L’operazione militare del 1992 colpì direttamente gli insediamenti curdi, in particolare Laçin. Diversi rapporti di osservazione internazionali, tra cui quelli dell’Alto Commissariato delle Nazioni Unite per i Rifugiati (UNHCR), hanno documentato la deportazione forzata dei civili, la distruzione delle aree residenziali e la morte di numerosi civili. In quel periodo, si stima che circa 15.000 curdi persero la vita e decine di migliaia furono deportati verso le regioni interne dell’Azerbaigian, Nakhchivan e il Kazakistan (UNHCR, 1993).

Valutando queste azioni dell’Armenia dal punto di vista del diritto internazionale, si può affermare che esse presentano caratteristiche riconducibili a crimini di guerra e crimini contro l’umanità. Infatti, nel 2015 la Corte Europea dei Diritti dell’Uomo (CEDU) ha condannato l’Armenia per le violazioni dei diritti umani perpetrate contro i civili durante l’occupazione, riconoscendo che le violazioni commesse erano in contrasto con i trattati internazionali (CEDU, 2015: Ricorso N. 48736/08).

Le azioni etniche post-sovietiche nel Caucaso, come questa, hanno provocato profonde ferite non solo fisiche ma anche nella memoria storica del popolo curdo. L’esperienza del Kurdistan Rosso è di importanza storica in quanto dimostra che i curdi potevano sperimentare forme di autonomia anche al di fuori di uno stato-nazione. La cancellazione di tale esperienza ha significato non solo una perdita territoriale, ma anche una distruzione identitaria.

Ricordare questa frattura storica è essenziale, non solo per i curdi del sud e dell’est del Kurdistan, ma anche per quelli del nord che vivono entro i confini della Turchia. Ogni trauma dimenticato equivale alla perdita di una parte dell’identità. Oggi, i curdi soggetti a politiche statali di assimilazione e negazione in Turchia, a volte finiscono per adottare un’identità “inferiore”, distaccandosi dai propri valori attraverso l’ammirazione per culture straniere. Tuttavia, i dolori vissuti a Laçin, Kalbajar e in ogni angolo del Kurdistan Rosso non sono soltanto eventi da commemorare con lutto, ma episodi da cui trarre insegnamenti per ricostruire una memoria collettiva. Un popolo è forte quanto la propria memoria.

 

Bibliografia

Alto Commissariato delle Nazioni Unite per i Rifugiati (UNHCR). (1993). Rapporto sui Popoli Sfollati nel Caucaso.
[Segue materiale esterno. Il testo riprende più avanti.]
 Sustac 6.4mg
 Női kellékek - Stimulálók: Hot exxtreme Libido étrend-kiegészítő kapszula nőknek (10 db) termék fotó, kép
Corte Europea dei Diritti dell’Uomo (CEDU). (2015). X c. Armenia, Ricorso N. 48736/08.

Gökçe, M. (2012). I Curdi nell’Unione Sovietica e l’Esperienza del Kurdistan Rosso. Istanbul: Avesta Yayınları.

Kaya, Z. (2018). Luoghi della Memoria nel Kurdistan e la Migrazione Forzata. Ankara: Dipnot Yayınları.

Yıldız, K. (2005). I Curdi e il Diritto Internazionale. Istanbul: Belge Yayınları.